> YOUR TASK:
Pictures are to be omitted; everything else in the data must be transcribed exactly.

> MATERIAL PROVIDED:
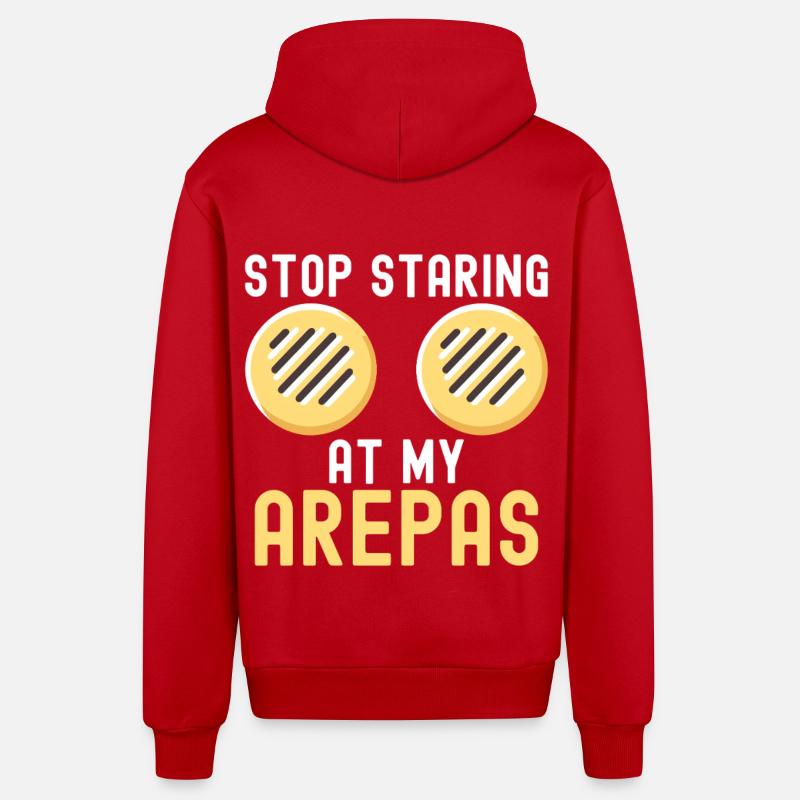 Arepas vénézuélienne - Veste à capuche bio décontractée fabriquée en UE - rouge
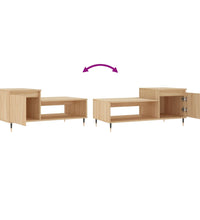 Couchtisch Sonoma-Eiche 100x50x45 cm Holzwerkstoff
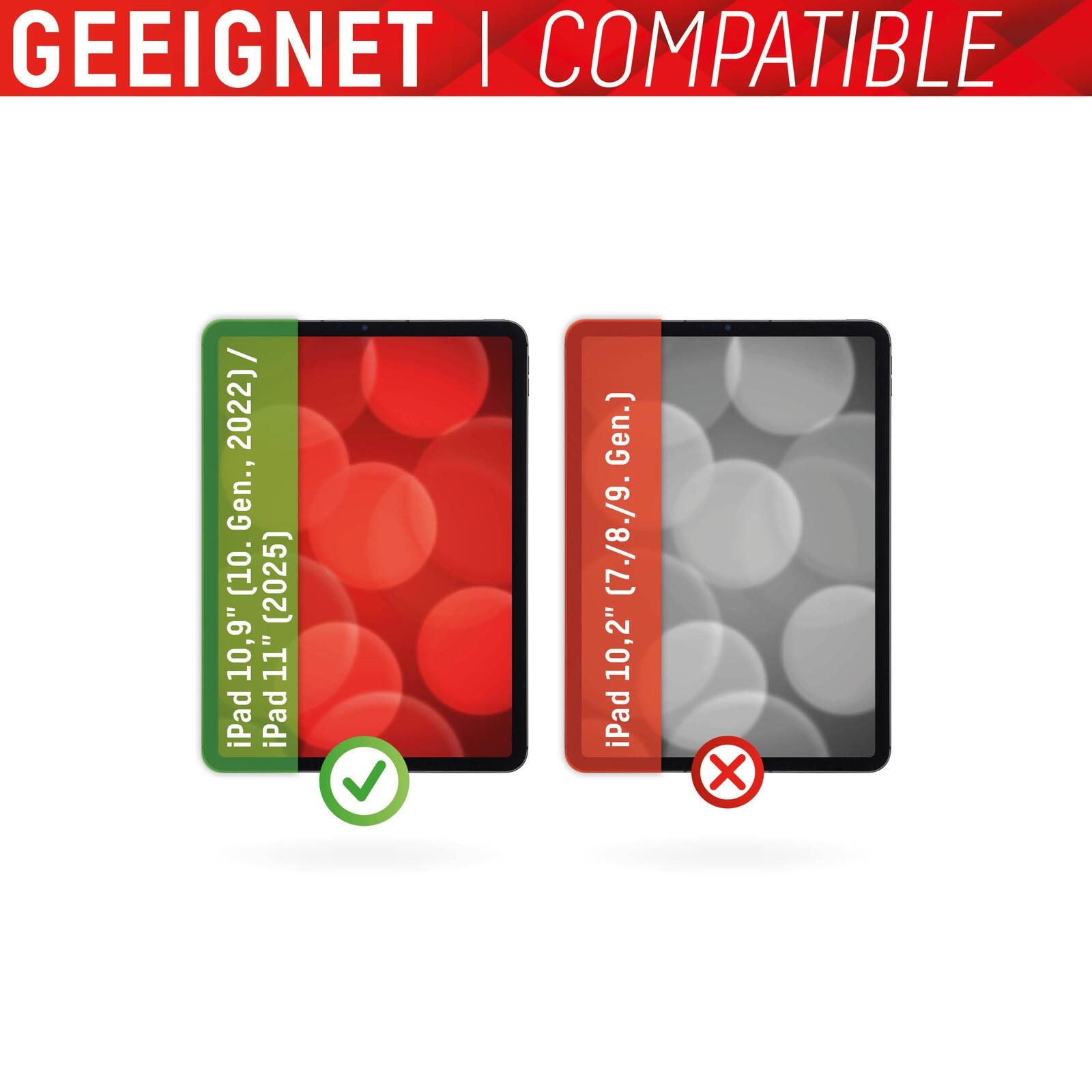 DISPLEX Tablet Glass iPad 10,9' (10. Gen., 2022)/11' (11. Gen., 2025)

> EXERCISE RESPONSE:
 Arepas vénézuélienne - Veste à capuche bio décontractée fabriquée en UE - rouge
 Couchtisch Sonoma-Eiche 100x50x45 cm Holzwerkstoff
 DISPLEX Tablet Glass iPad 10,9' (10. Gen., 2022)/11' (11. Gen., 2025)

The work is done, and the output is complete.